My life now depends on others in a way that it never has before. I live in a foreign country (South Africa), have a job I volunteer at (work visas aren’t a possibility) and spend half or more of my time in ministry (with a healthy dose of community development thrown in for good measure). We wouldn’t be here without the prayers and support of friends and family across the US, and it’s those prayers and support that sustain and allow us to continue doing what God has before us.
I wouldn’t trade it for the world — my wife and I were just talking this evening about how fulfilling life feels — finally we are tangibly walking out the dream God placed in our hearts many years ago. Anyways, all this introduction is important and leads me to what I want to discuss right now: the importance of contact. I’m finding a couple of things to be true as we start this journey of living as missionaries, reliant on the support of others: (a) contact is a necessity when living as any form of community and (b) as people build into my family through prayer, encouragement and/or finances, I want to be able to build into theirs as well.
Backing up, it may be useful to start with some meaningful definitions of that word, contact.
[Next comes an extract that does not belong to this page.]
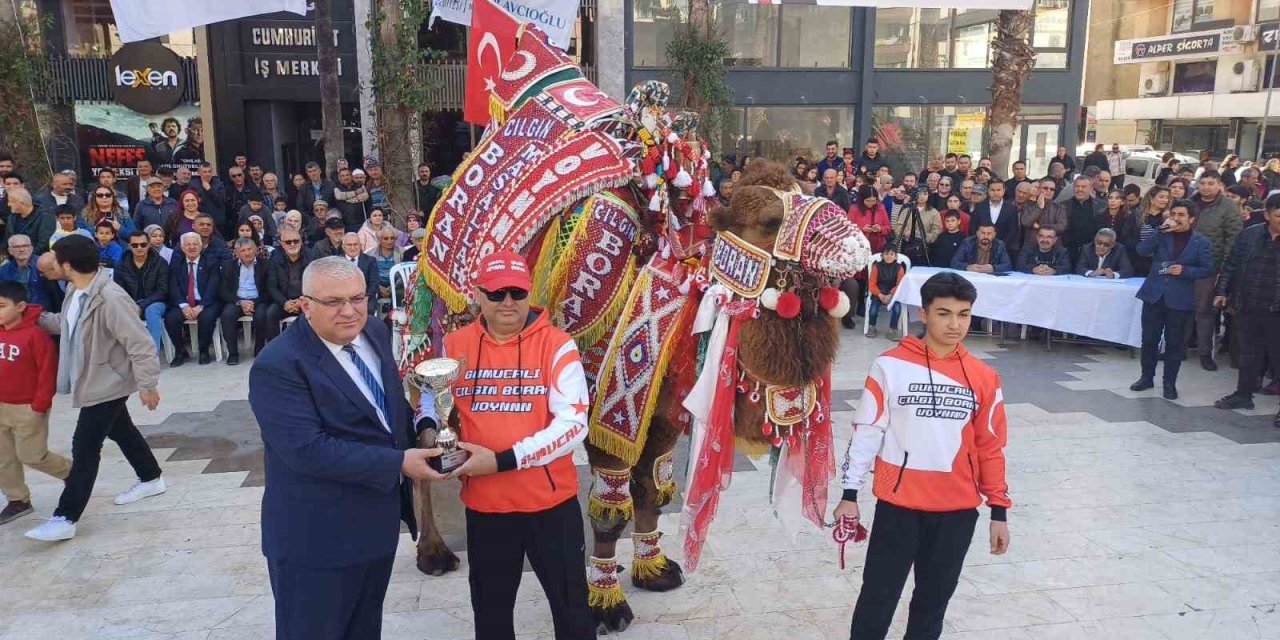 Antalya’da En Süslü Deve Seçildi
Their are two that immediately jump to mind: to be in some sort of close relationship with, perhaps better visualized by touching analogies (ie, a spark flew when my hand contacted the door) and an entity that you communicate with, in some form or fashion (ie, my contact database has about 200 people and 5 organizations). The first definition necessitates some form of close relationship whilst the second demands almost no relationship, as in I could (and do) have contacts I’ve never actually met or know on any real level.
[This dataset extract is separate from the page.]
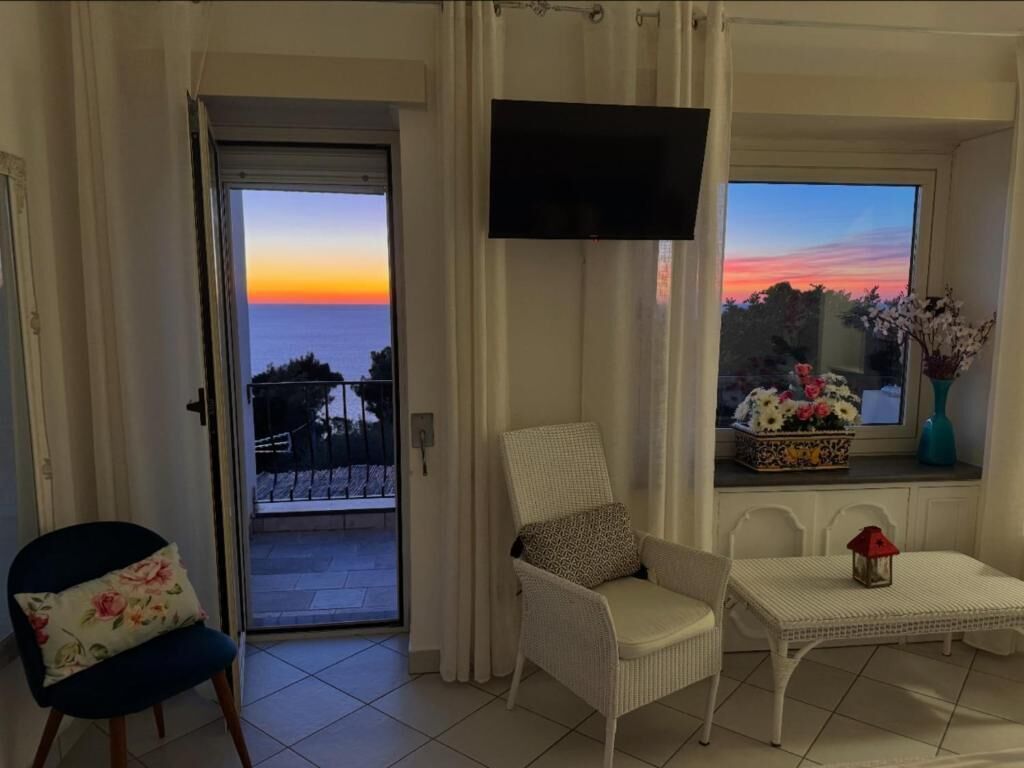 Habitación doble, 1 cama matrimonial, balcón, vista al mar | Área de sala de estar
I’ll readily admit that I have many folks in our contact database that fit this second definition to a T. There are names that I don’t recognize and people I haven’t met. As I sat pondering this some time back I decided that this needed to change. It’s been something growing within me — a recognition that a community based on anonymity and a lack of real contact (definition one again!) isn’t really community at all. And a community is what my wife and I want surrounding us. We don’t believe this thing called life was meant to be walked out alone. We want to be able to build into others as they build into us. It likely won’t take the same form — we are certainly limited in the ways we can financially give, for example — but we can still pray and encourage and visit and live transparent lives that hopefully sharpen as we ourselves are being sharpened.
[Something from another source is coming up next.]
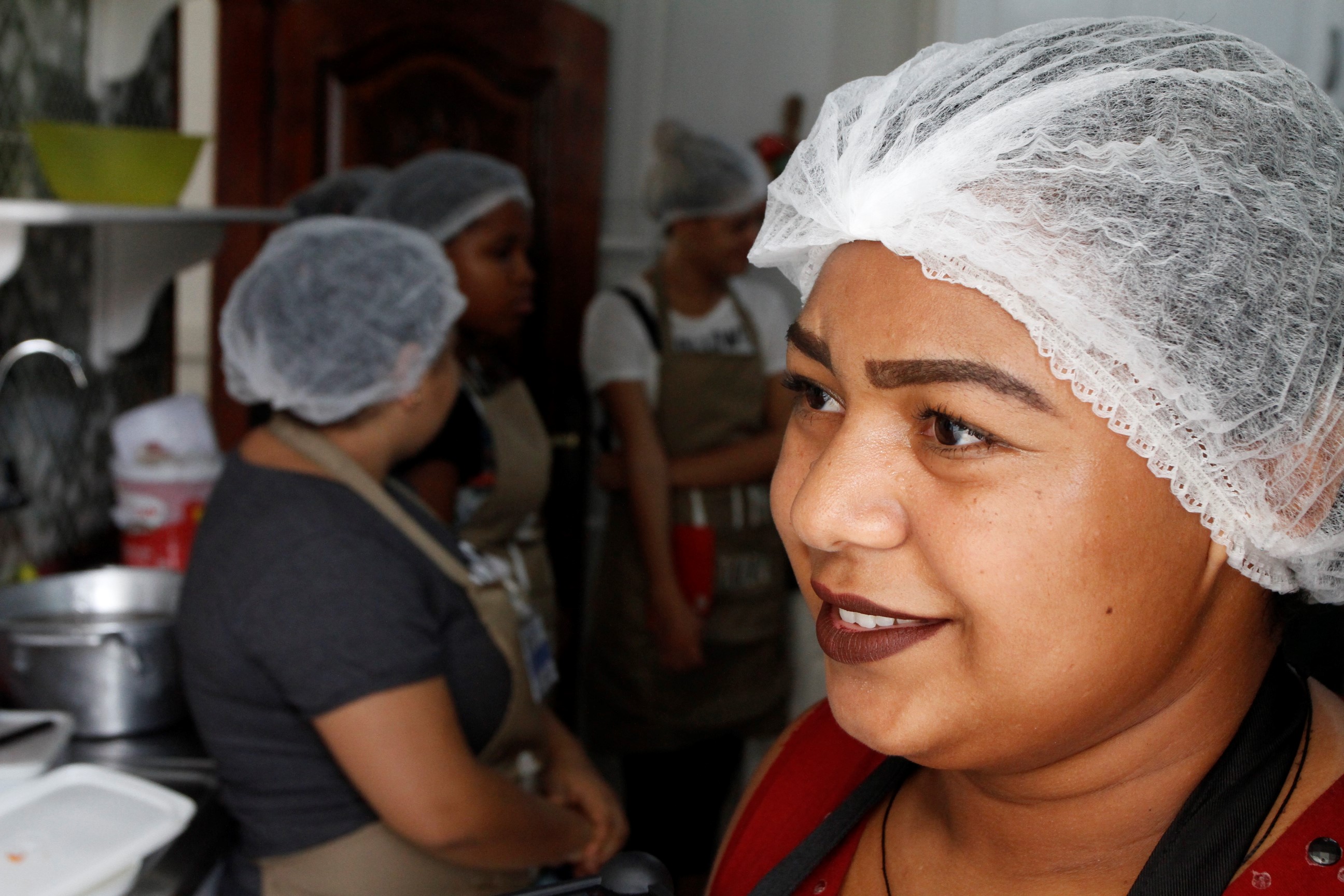 Curso de culinária é nova oportunidade de qualificação para moradores da Cremação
To that end be mindful that if you receive our monthly email updates, give financially, pray for us or feel a part of the community surrounding my family in any other way then we want to know you. If you have prayer requests, we want to be praying for them. If you need to be encouraged, we hope we can fill that role in some way. If you just need a friend, well, we gladly offer our friendship. It may not always look normal because we live so far away, but that doesn’t mean it’s not good or needed (on both party’s parts!).
We are currently going through our contact database and beginning to email people to hopefully begin breaking barriers and truly learning about one another. And I’m excited about the friendships that are already there and those that very well could be soon.